In fact, you should be particularly concerned if you do write a programme that does not display any obvious errors when run, as it likely means that you are just unaware of some bugs.

There are a number of debugging programmes available to coders. However, debugging the most common issues that you’ll encounter when developing programmes can be done by following a few key principles.

### Print everything

When debugging, the most important function at your disposal is the print command. Every coder uses this as a debugging tool, regardless of their amount of experience.

You should have some sense as to what every line of code you have written does. If not, print those lines out. You will then be able to see how the values of variables are changing as the programme runs through.

Even if you think you know what each line does, it is still recommended that you print out certain lines as often this can aid you in realising errors that you may have overlooked.

### Run your code when you make changes

Do not sit down and code for a hour or so without running the code you are writing. Chances are, you will never get to the bottom of all of the errors that your programme reports when it runs.

Instead, you should run your script every few minutes. It is not possible to run your code too many times.

Remember, the more code you write or edit between test runs, the more places you are going to have to go back an investigate when your code hits an error.

### Read your error messages

Do not be disheartened when you get an error message. More often than not, you’ll realise what the error is as soon as you read the message; i.e. the for loop doesn’t work on a list because the list is empty.

This is particularly the case with Python, which provides you with error messages in ‘clear English’ compared to the cryptic messages given by offered by other languages.

At the very least, the error message will let you know which lines is experiencing the error. However, this may not be the line causing the error. Still, this offers a good starting point for your bug search.

### Google the error message

![image.png](attachment:image.png)

If you cannot work out the cause of an error message, google the error code and description.

This can sometimes be a bit of a hit-or-miss, depending on the nature of the error.

If your error is fairly specific, then there will nearly always be a webpage where someone has already asked for help with an error that is either identical or very similar to the one you are experiencing; stackoverflow.com is the most common page you’ll come across in this scenario.

Do make sure that you read the description of the problem carefully to ensure that the problem is the same as the one you are dealing with.
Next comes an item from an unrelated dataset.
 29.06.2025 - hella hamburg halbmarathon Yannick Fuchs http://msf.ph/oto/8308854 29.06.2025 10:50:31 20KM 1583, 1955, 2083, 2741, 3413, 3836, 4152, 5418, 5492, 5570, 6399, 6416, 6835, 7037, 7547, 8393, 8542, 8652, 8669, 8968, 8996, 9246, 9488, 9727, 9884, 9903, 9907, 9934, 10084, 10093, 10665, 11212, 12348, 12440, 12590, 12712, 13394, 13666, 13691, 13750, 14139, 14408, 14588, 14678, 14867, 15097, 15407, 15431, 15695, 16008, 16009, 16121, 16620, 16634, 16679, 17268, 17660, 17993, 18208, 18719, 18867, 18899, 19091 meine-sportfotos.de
Then read the first two or three replies to see if page contains a workable solution.

### Comment out code

You can often comment out bits of code that are not related to the chunk of code that contains the error.

This will obviously make the code run faster and might make it easier to isolate the error.

### Binary searches

This method draws upon a lot of the methods we have already covered.

Here, you want to break the code into chunks; normally two chunks, hence this method’s name.

You then isolate which chunk of code the error is in.

After which, you take the chunk of code in question, and divide that up, and work out which of these new chunks contains the error.

So on until you’ve isolate the cause of the error.

### Walk away

If you have been trying to fix an error for a prolonged period of time, 30 minutes or so, get up and walk away from the screen and do something else for a while.

Often the answer to your issue will present itself upon your return to the computer, as if by magic.

### Phrase your problem as a question

Many software developers have been trained to phrase their problem as a question.

The idea here is that phrasing your issue in this manner often helps you to realise the cause of the problem.

This often works!

### Ask someone

If all else fails, do not hesitate to ask a colleague or friend who is a coder and maybe familiar with the language for help.

They may not even need to be a specialist, sometimes a fresh pair of eyes belonging to someone who is not invested in the project is more efficient at helping you work out your issue than spending hours trying to solve the issue on your own or getting lost the internet trying to find a solution.

# 14. Numerical Python (NumPy)

NumPy is the most foundational package for numerical computing in Python.

If you are going to work on data analysis or machine learning projects, then having a solid understanding of NumPy is nearly mandatory.

Indeed, many other libraries, such as pandas and scikit-learn, use NumPy’s array objects as the lingua franca for data exchange.

One of the reasons as to why NumPy is so important for numerical computations is because it is designed to work efficiently with large arrays of data in a number of ways, including:

1. Storing data internally in a continuous block of memory, independent of other in-built Python objects.
2. Performing complex computations on entire arrays without the 	need for for loops.

### What you’ll find in NumPy

- ndarray: an efficient multidimensional array providing fast array-orientated arithmetic operations and flexible broadcasting capabilities.

- Mathematical functions for fast operations on entire arrays of data without having to write loops.

- Tools for reading/writing array data to disk and working with memory-mapped files.

- Linear algebra, random number generation, and Fourier transform capabilities.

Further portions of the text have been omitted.